Pictures in the listing should not be copied. Reproduce, word for word, each line from the one holding "Dacia Dacia Logan Pick-Up Gebrauchtwagen" through the final line.
┌─ Given data
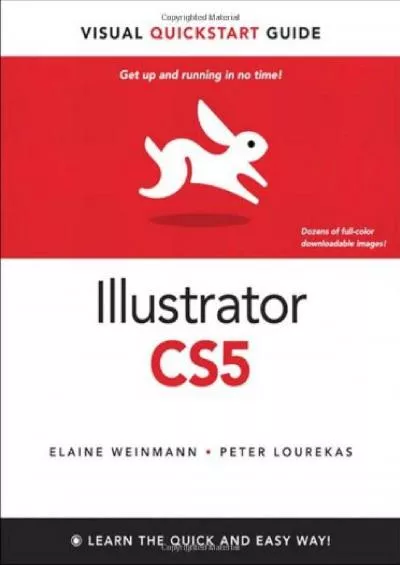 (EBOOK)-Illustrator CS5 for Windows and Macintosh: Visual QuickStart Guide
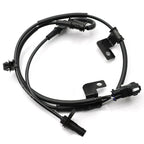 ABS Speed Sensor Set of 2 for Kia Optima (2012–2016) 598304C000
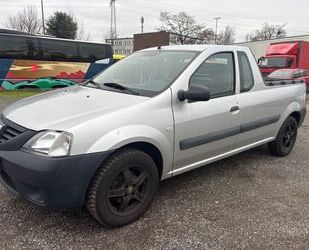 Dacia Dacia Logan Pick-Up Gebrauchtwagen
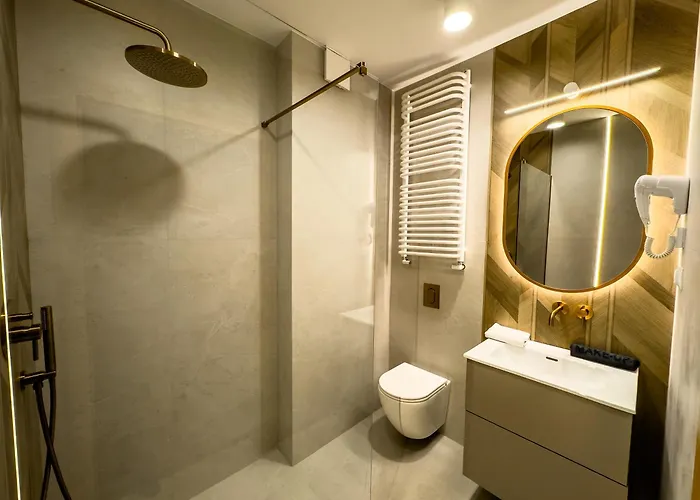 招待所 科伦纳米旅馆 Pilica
└─
● Exercise answer
 Dacia Dacia Logan Pick-Up Gebrauchtwagen
 招待所 科伦纳米旅馆 Pilica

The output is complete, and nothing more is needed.